Things are going downhill fast around here. I’m just giving you a little warning: I’ll be using some less than savory language. Check your decorum at the door.
The best present I ever bought my son was a fart gun. (I warned you.) He loves it. He loves it so much, in fact, that we’ve bought one for several other friends and cousins for birthdays. It’s always a hit. I mean, it’s definitely always a hit with the kids. I’ve gotten several sideways glances from the grown-ups, but it’s totally worth it for the glee and giggles. Totally.
When you are seven (or seventy) it is so fun to be a little gross – to play in the mud and to say something you shouldn’t say. For some kids, it’s all about the silliness and the irreverence, and if you can make a grown-up squirm – all the more fun!
In School Library
We know that there is a time and a place for teaching respect and boundaries. We know that it is important that kids learn to behave in a socially acceptable way. But, maybe, if we can learn to let our guards down just a bit, we might make ourselves just a little more accessible, a little more approachable – especially for those kids that are harder to reach. And we can be a model for the perfectionists, the kiddos that are so afraid to take a risk, to make a mistake, to be a little silly. We can show them that it’s okay to let down their guards, to laugh at themselves and to let others laugh with them.
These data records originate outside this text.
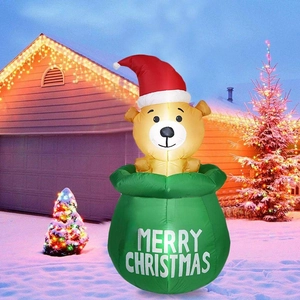 Détail de l'ours de Noël gonflable dans un sac cadeau vert avec texte Merry Christmas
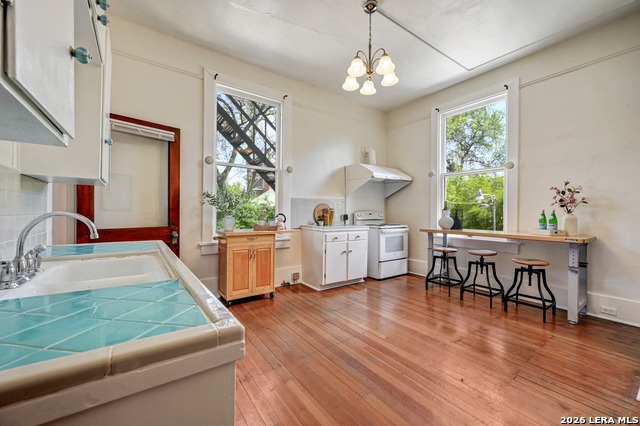 Image 27 of 50 For 109 Woodlawn E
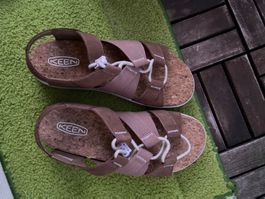 keen sandalen 39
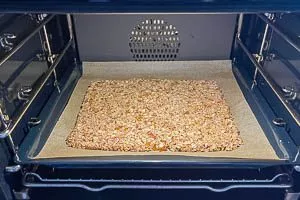 Masse für die Müsliriegel im Backofen goldbraun backen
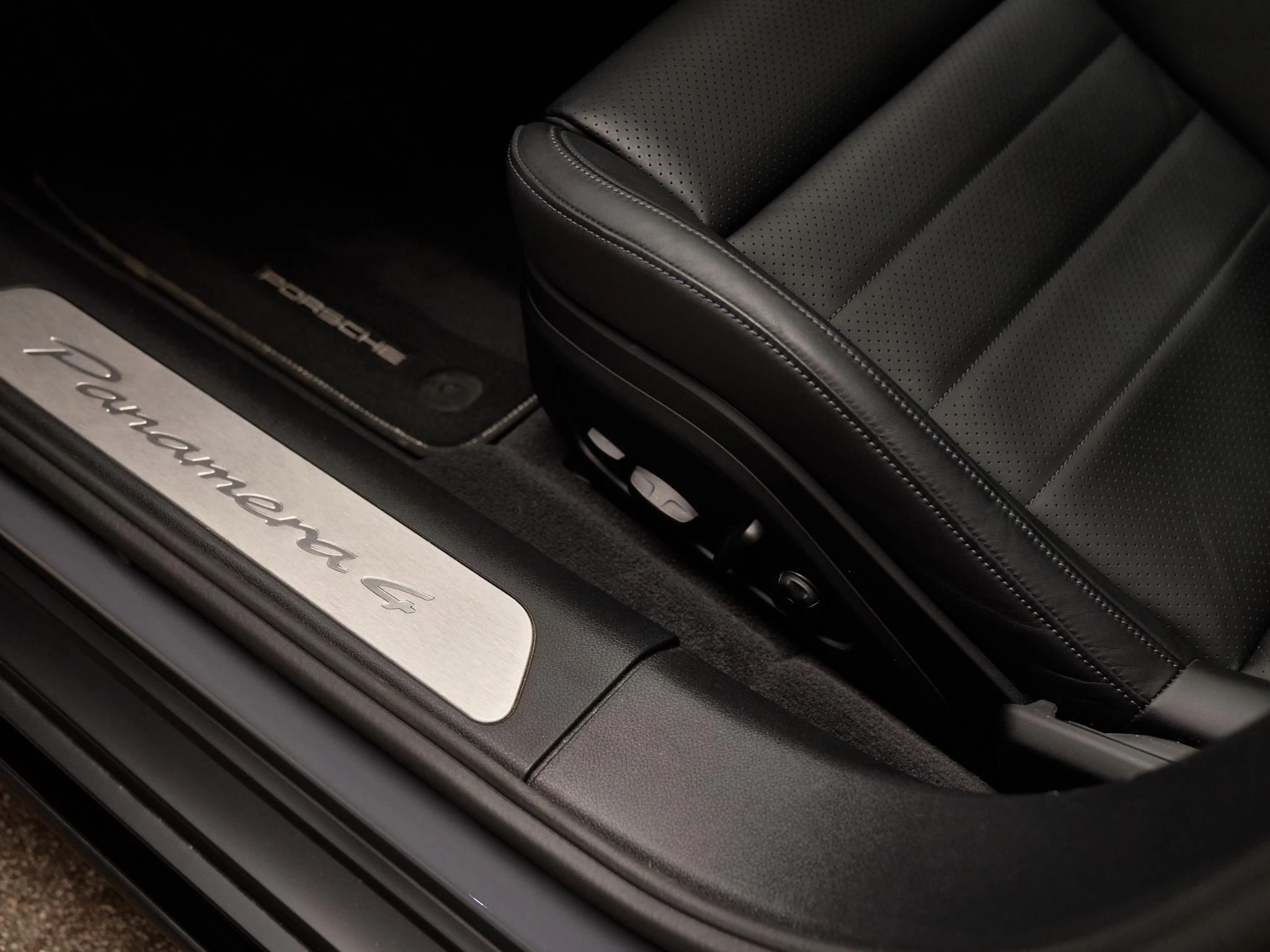 Hoofdafbeelding Porsche Panamera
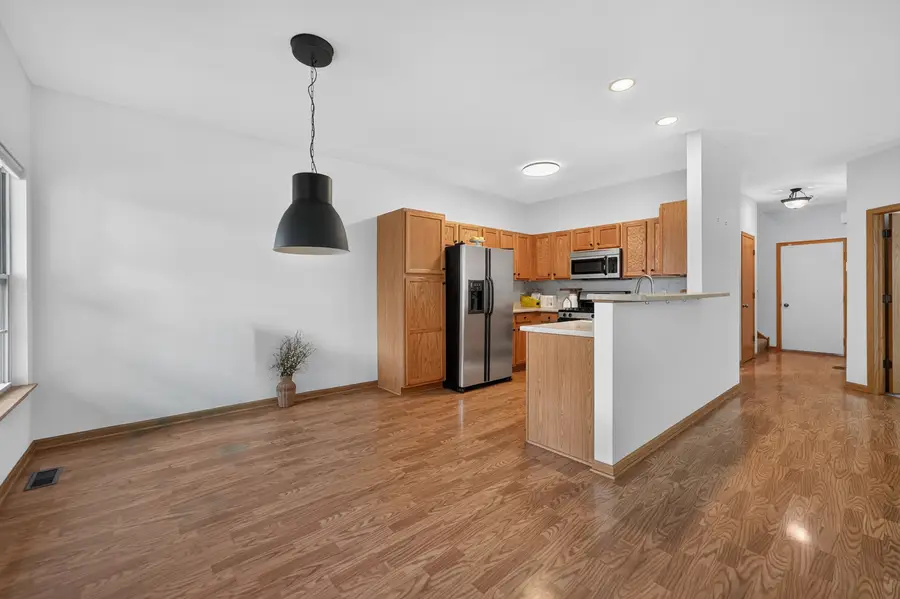 536 Clayton Circle #A, Sycamore, IL 60178 - #3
I read an article last week “Hook ’em with Humor, Grab ’em with Gross” by librarian Trish Dollyhigh (2012). In the article, Dollyhigh suggests that we use the power of the gross to engage high school students, to get them to sit up and pay attention. (What?!? Read picture books to high schoolers? I’m in!) When I interviewed our school librarian, she discussed a books she read called Poop Detectives to our elementary students. Since, reading this book in her library lessons, it is always checked out. The kids are hooked – and because “poop” was the bait, they are learning about conservation and reading about subjects they may have had no interest in previously.
My son’s favorite books include What Do You Do With a Tail Like This which includes silly pictures and an animal named a blue-footed booby. How can you not cackle at the words blue-footed booby? He also adores The Book with No Pictures which forces adult readers to make fools of themselves by singing silly songs and saying words like “boo boo butt.” I love to let my class “trick” guests into reading this book to them. And, of course, “Tra-la-laaa!” Captain Underpants!
I’ve heard adults question the validity of Captain Underpants and other similarly themed texts – and I get it. There is a world of beautifully written literature to choose from. But, if Captain Underpants is the text that opens the door for my son or my students, then I’m all in. And, well, it’s kinda funny. Don’t believe me? Go ask Alexa to tell you a fart joke. I’ll wait…
When we meet kids where they are, when we show them that we care about what they care about, we show them that books aren’t for other people. We show them reading is fun. It’s exciting. It’s within reach. We show them that literacy is a path to anywhere, even someplace silly.
Dollyhigh, T. (2012). Hook ’em with humor, grab ’em with gross. Library Media Connection, 31(3), 42-43.
Jenkins, S., & Page, R. (2011). What do you do with a tail like this? Carmel, California: National Geographic School Publishing.
Novak, B. J. (2016). The book with no pictures. London: Puffin.
Pilkey, D. (2014). Captain Underpants. London: Scholastic.
Wadsworth, G. (2016). Poop detectives: Working dogs in the field. Watertown, Massachusetts: Charlesbridge.